Love Is A Game, the final song on the standard 12 track album, is like listening to an Amy Winehouse tribute act. Cry Your Heart Out begins with an attempt to move Adele’s sound forward with one of the more contemporary arrangements on the album but the mix of harmonic Doo-wop and vocoder enhanced vocals doesn’t really work. Similarly, OMG, tries to introduce a soupçon of up-to-the-minute sound and production but the inclusion is ham fisted and interrupts rather than enhances the song. This is Swing swung the wrong way. These songs do however warrant inclusion on Adele’s latest album. They are to a large degree what her audience want and expect.

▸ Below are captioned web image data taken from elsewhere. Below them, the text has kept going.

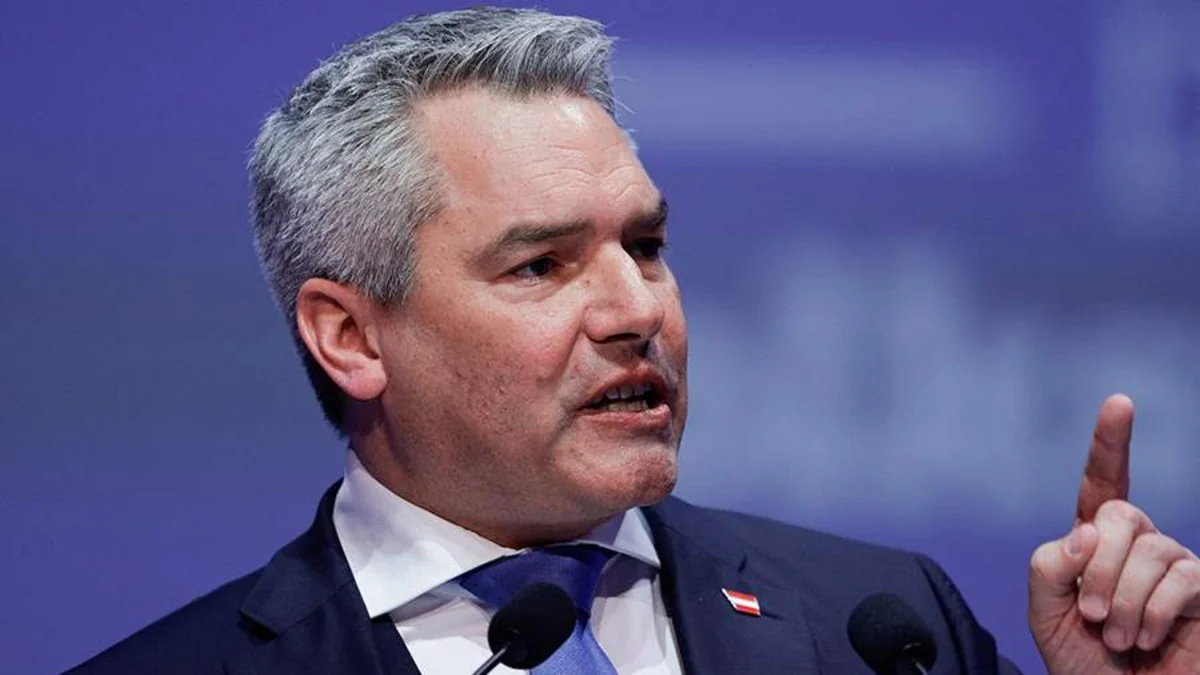 Канцлер Австрии призвал Макрона избегать эскалации конфликта в Украине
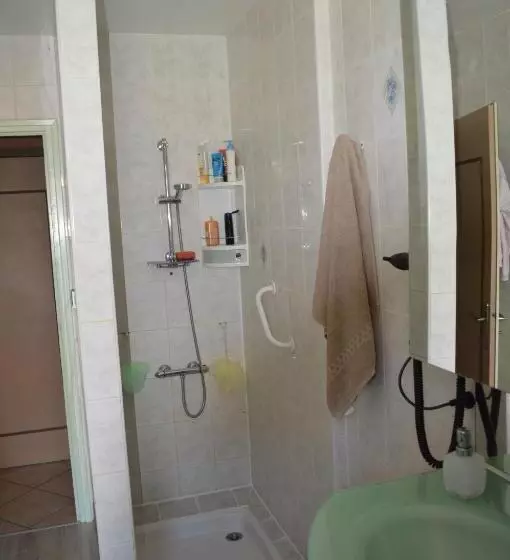 ベッドアンドブレックファースト Chambre Au Doux Refuge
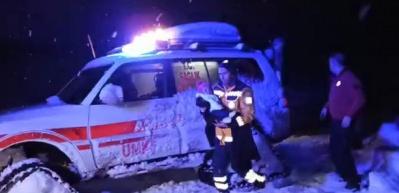 Bing&ouml;l'de karda hastaneye g&ouml;t&uuml;r&uuml;lemeyen bebeğe paletli ambulansla ulaşıldı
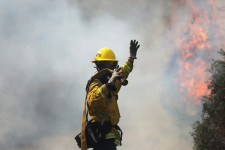 Ezreket evakuáltak Los Angeles környékén egy tűzvész miatt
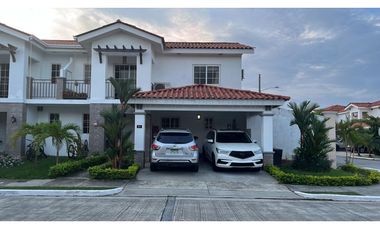 VENDO CASA EN QUINTAS DE VERSALLES EN COSTA SUR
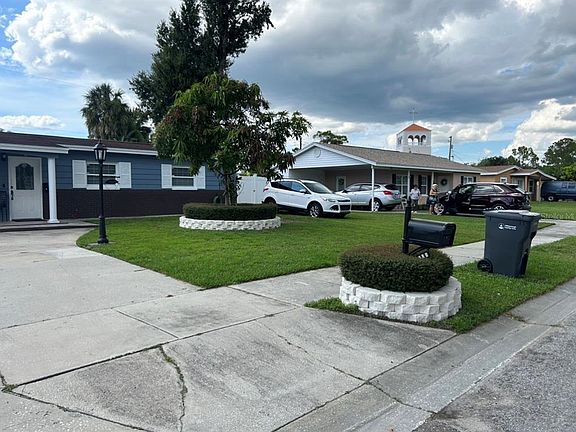 3rd image of 5112 GATEWAY DRIVE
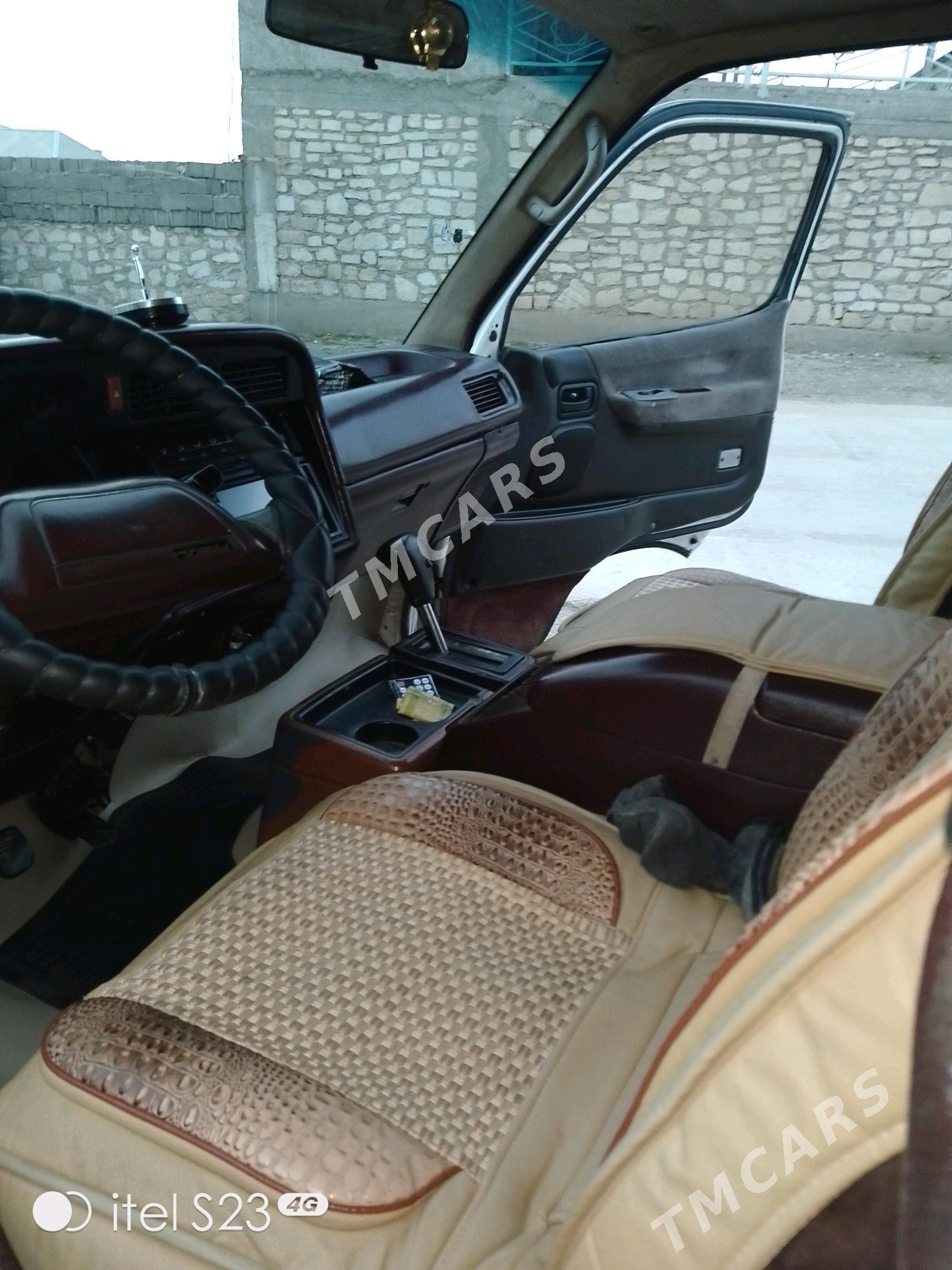 Toyota Hiace 1991 - 66 000 TMT - Балканабат - img 8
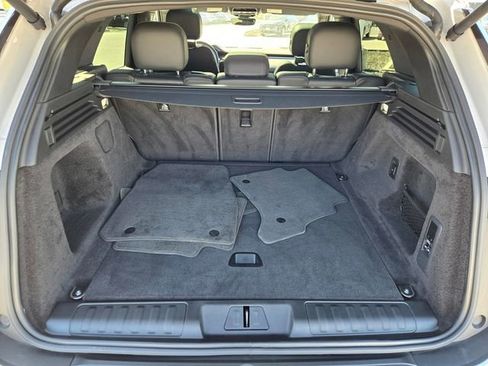 Used 2025 Land Rover Range Rover Sport S image 27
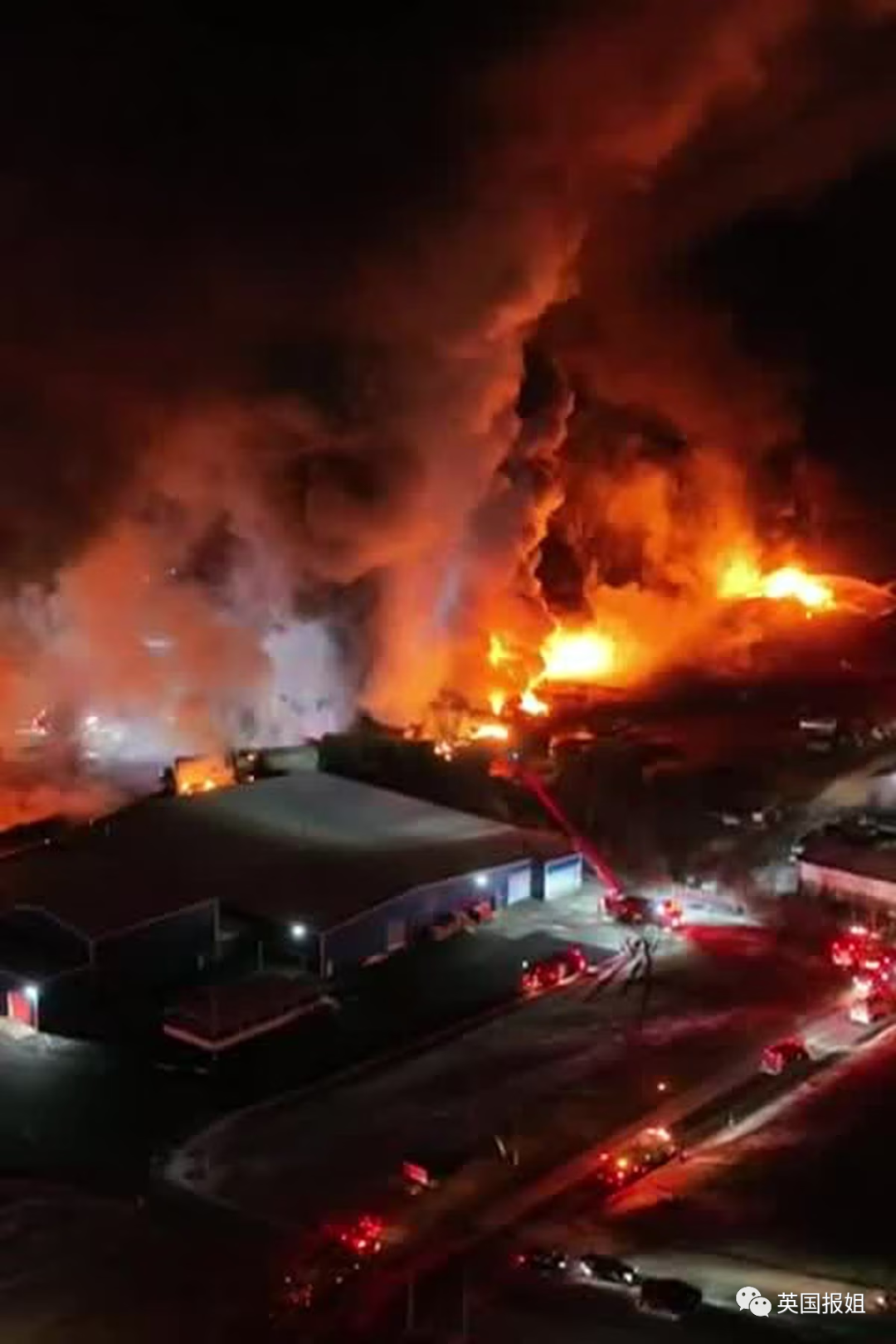 美国“致命火车”脱轨爆炸！剧毒蘑菇云笼罩，大量动物死亡，官方却叫回民众：这里很安全休闲区蓝鸢梦想 - Www.slyday.coM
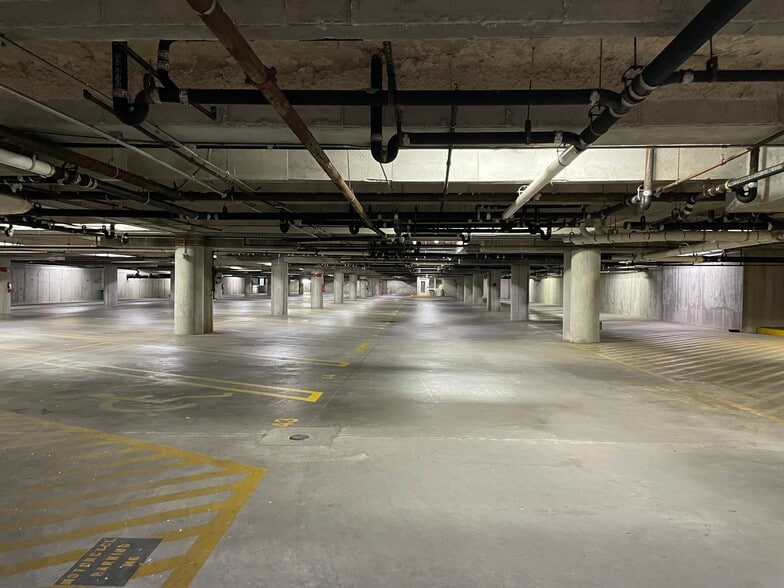 More Photos Of 1 Energy Pl, Pensacola Office For Lease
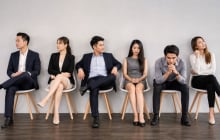 Dáng ngồi tiết lộ gì về con người? 4 tư thế quen thuộc nói lên tính cách ít ai để ý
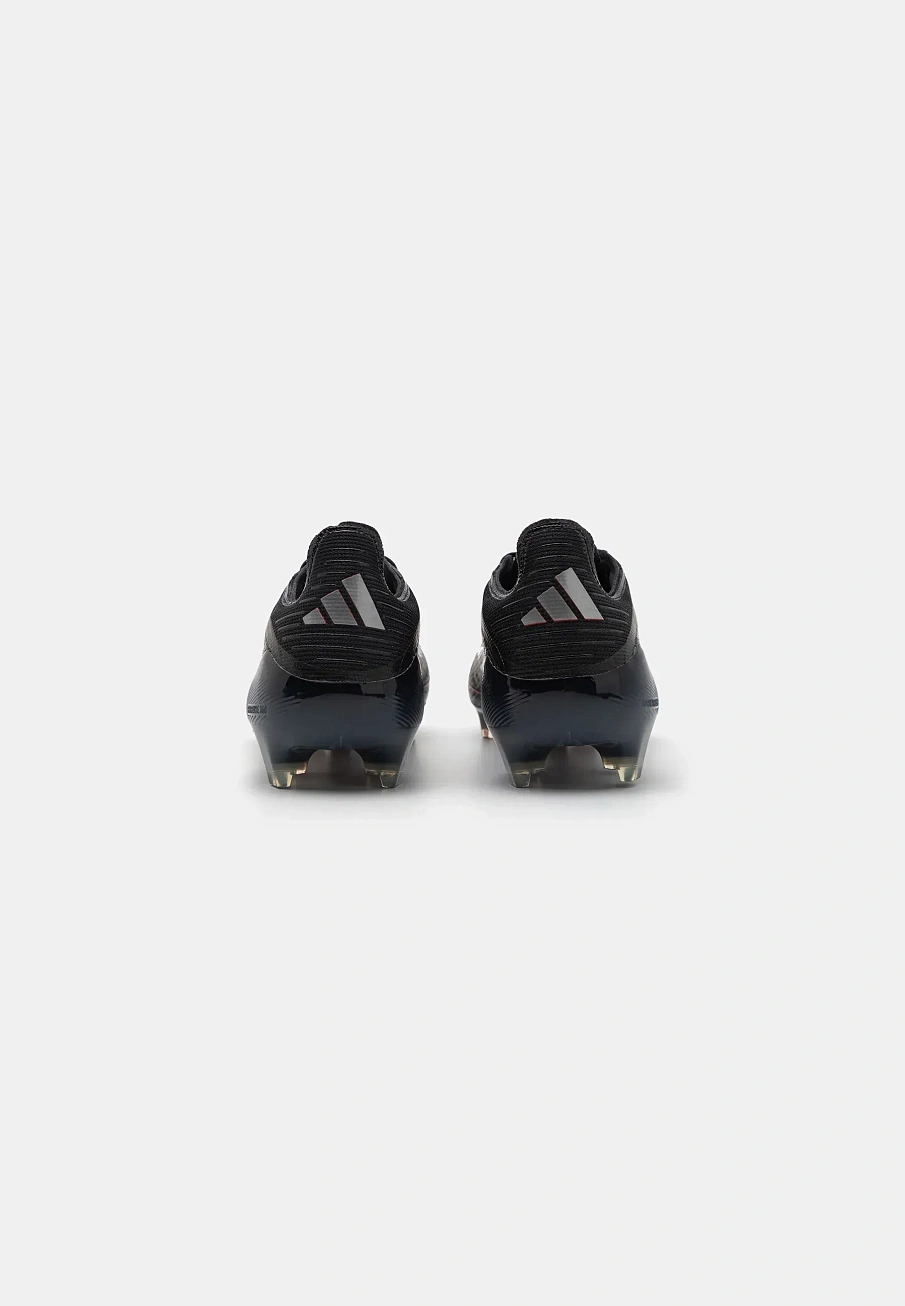Фото № 3 с приближением к товару «‎F50 ELITE FIRM GROUND»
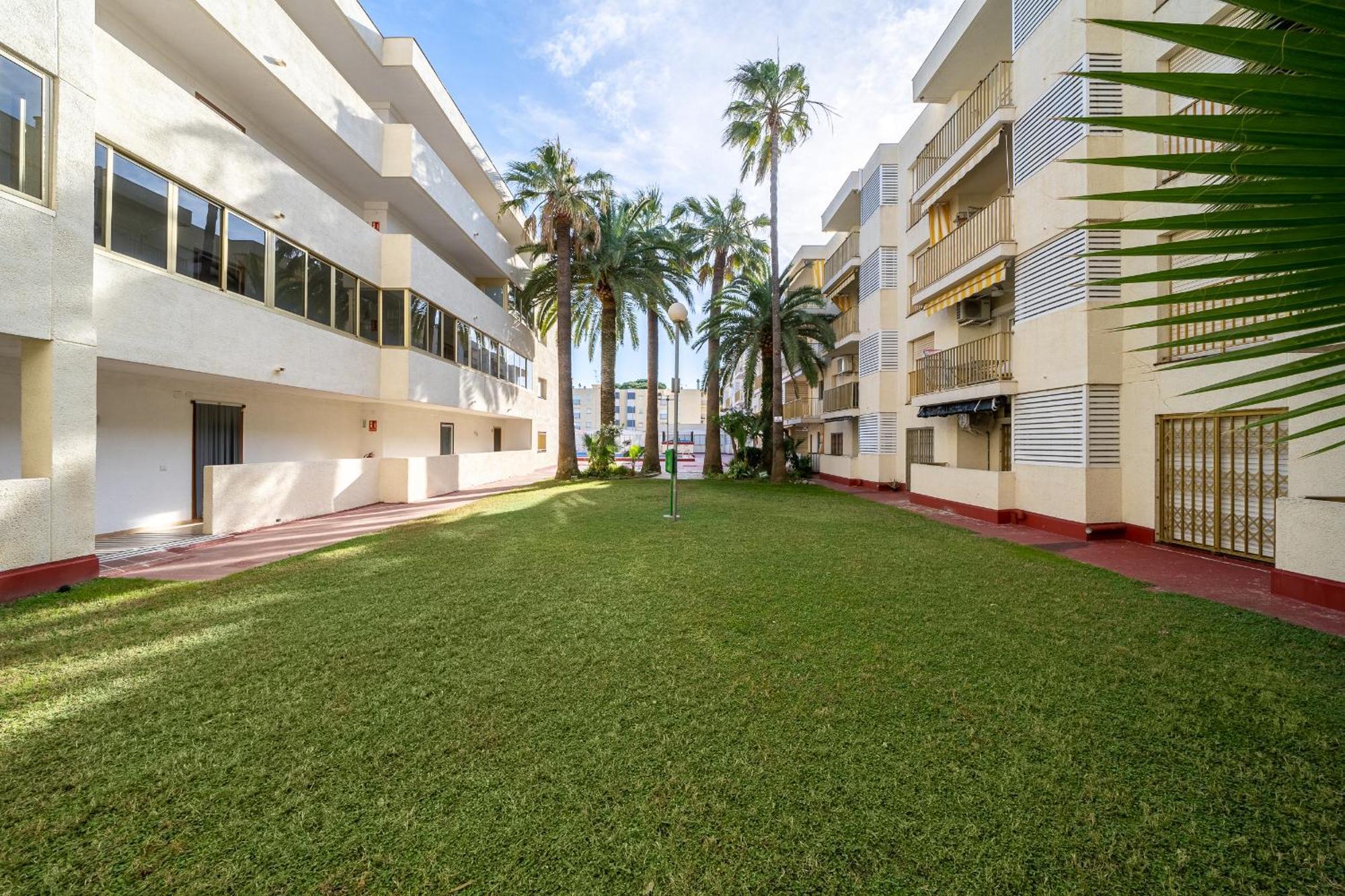 Hauzify I Apartaments Reddis Cambrils Exterior foto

My Little Love, a song that features a grating exchange with her son Angelo, should never have made the cut. The excruciating melodrama should have, if it ever had to appear, been consigned to a 20th anniversary special edition or a b-sides and rarities collection but it should not have made it on to 30. (“Mummy’s got a lot to learn”, Adele sings on My Little Love, and she’s not wrong).
The piano ballad To Be Loved is a signature Adele tune, pulling at your heartstrings with every word on every beat but there are only so many times that you can hear one artist feel sorry for themselves in the despairing way that Adele has come to do. When you hear her sing – “I built a house for a love to grow, I was so young that it was hard to know, I’m as lost now as I was back then, Always make a mess of everything” it’s like you’ve heard it all before and it sounds like she’s whining. Even the opening line of the opening song – “I’ll be taking flowers to the cemetery of my heart, For all of my lovers in the present and in the dark” sounds about as sincere as a Boris Johnson apology. The emotion in the homage to Judy Garland has been polished out by it’s attempt to recreate some sort of vintage soundtrack from a bygone era. It’s a song out of time and out of step from an album that’s run out of options.
30 is the equivalent of a disappointing Christmas Special of your favourite sitcom. You wait ages for it to arrive and lap up all the hype only to be presented with a dish of leftovers that were left over for a reason. Adele is a good, maybe even great, singer but 30 is more of the same, but not even the best of her same. Disappointing.